Grimdark is a subgenre of speculative fiction with a tone, style, or setting that is particularly dystopian, amoral, and violent. The term is inspired by the tagline of the tabletop strategy game Warhammer 40,000: "In the grim darkness of the far future, there is only war."

==Definitions==
Several attempts to define the neologism grimdark have been made:
- Adam Roberts described it as fiction "where nobody is honourable and Might is Right", and as "the standard way of referring to fantasies that turn their backs on the more uplifting, Pre-Raphaelite visions of idealized medievaliana, and instead stress how nasty, brutish, short and, er, dark life back then 'really' was", while noting that grimdark has little to do with re-imagining an actual historic reality and more with conveying the sense that our own world is a "cynical, disillusioned, ultraviolent place".
- Genevieve Valentine called grimdark a "shorthand for a subgenre of fantasy fiction that claims to trade on the psychology of those sword-toting heroes, and the dark realism behind all those kingdom politics".
- In the view of Jared Shurin, grimdark fantasy has three key components: a grim and dark tone, a sense of realism (for example, monarchs are useless and heroes are flawed), and the agency of the protagonists: whereas in high fantasy everything is predestined and the tension revolves around how the heroes defeat the Dark Lord, grimdark is "fantasy protestantism": characters have to choose between good and evil, and are "just as lost as we are".
- Liz Bourke considered grimdark's defining characteristic to be "a retreat into the valorisation of darkness for darkness's sake, into a kind of nihilism that portrays right action ... as either impossible or futile". This, according to her, has the effect of absolving the protagonists as well as the reader from moral responsibility.
- Helen Young equates grimdark to gritty fantasy, as exemplified by George R. R. Martin's A Song of Ice and Fire series.

Whether grimdark is a genre in its own right or an unhelpful label has also been discussed.
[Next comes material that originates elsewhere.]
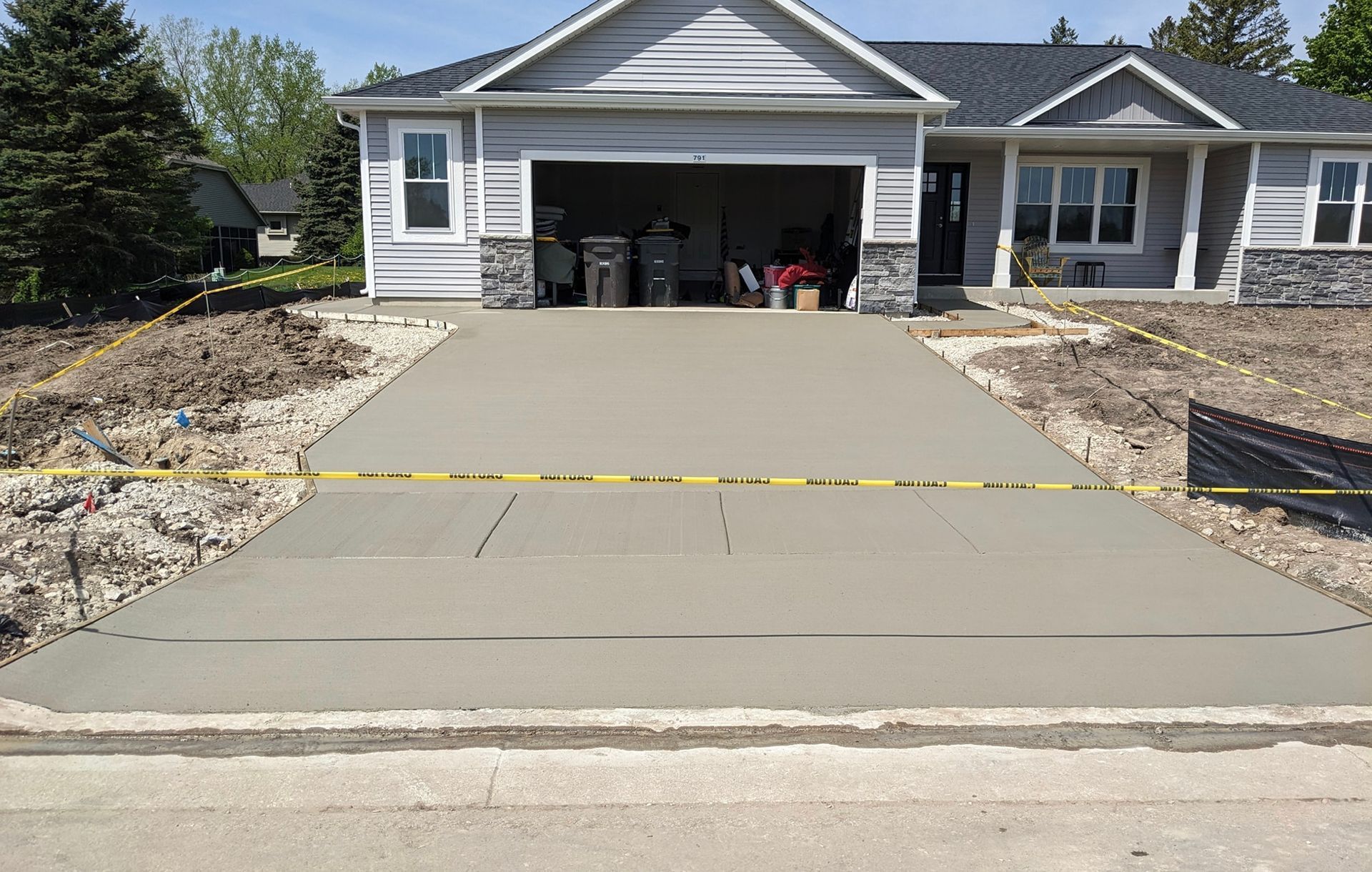 Concrete driveway construction service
Valentine noted that while some writers have embraced the term, others see it as "a dismissive term for fantasy that's dismantling tropes, a stamp unfairly applied".

==Use in fantasy fiction==
According to Adam Roberts, grimdark is an "anti-Tolkien" approach to fantasy writing. George R. R. Martin's popular grimdark fantasy series A Song of Ice and Fire is characterized, in Roberts' view, by its reaction to Tolkien's idealism, even though it owes much to Tolkien. According to Jon Garrad, grimdark is associated with the gothic movement of the 1990s and its negativity and emphasis on loss.

Writing in The Guardian in 2016, Damien Walter summarized what he considered grimdark's "domination" of the fantasy genre as "bigger swords, more fighting, bloodier blood, more fighting, axes, more fighting", and a "commercial imperative to win adolescent, male readers". He saw this trend as being in opposition to "a truly epic and more emotionally nuanced kind of fantasy" that delivered storytelling.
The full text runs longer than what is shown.